- Records:
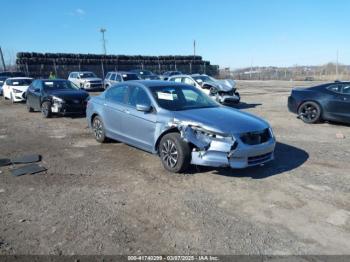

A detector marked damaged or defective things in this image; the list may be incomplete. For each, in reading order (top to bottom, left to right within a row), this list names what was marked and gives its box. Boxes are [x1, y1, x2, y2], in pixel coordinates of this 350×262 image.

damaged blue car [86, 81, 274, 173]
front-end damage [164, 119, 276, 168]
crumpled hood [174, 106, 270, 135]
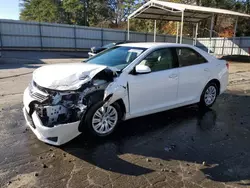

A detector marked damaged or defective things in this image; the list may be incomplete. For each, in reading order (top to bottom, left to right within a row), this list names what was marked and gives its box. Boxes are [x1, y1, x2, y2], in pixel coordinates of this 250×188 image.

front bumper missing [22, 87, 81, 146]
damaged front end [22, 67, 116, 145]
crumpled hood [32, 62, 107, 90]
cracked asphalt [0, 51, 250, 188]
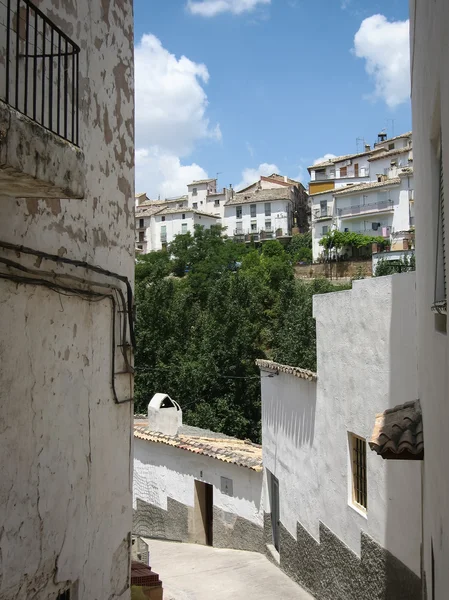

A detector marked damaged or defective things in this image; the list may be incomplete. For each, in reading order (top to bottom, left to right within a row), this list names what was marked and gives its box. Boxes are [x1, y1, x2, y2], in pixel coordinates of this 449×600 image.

- Aim of the task: The answer should consist solely of the lines from the one containing "this 250×188 image." through the last line of the material, copied exactly, with pictures left out.

- Output of the exercise:
A detector marked damaged or defective things in this image; the list may be incomplete. For each, in reading order (top to bottom, left to right within a row), this list names what was marked and gives its box. Boxes are [x1, y1, x2, y2], in pixel coordinates of this 250×188 image.

front bumper missing [22, 87, 81, 146]
damaged front end [22, 67, 116, 145]
crumpled hood [32, 62, 107, 90]
cracked asphalt [0, 51, 250, 188]

A detector marked damaged or defective things in this image; the list may be incomplete. For each, in reading order (top to bottom, left to right within a row), this list names what was marked and gives its box. Boxes are [x1, y1, x2, y2], in pixel coordinates of this 449×600 image.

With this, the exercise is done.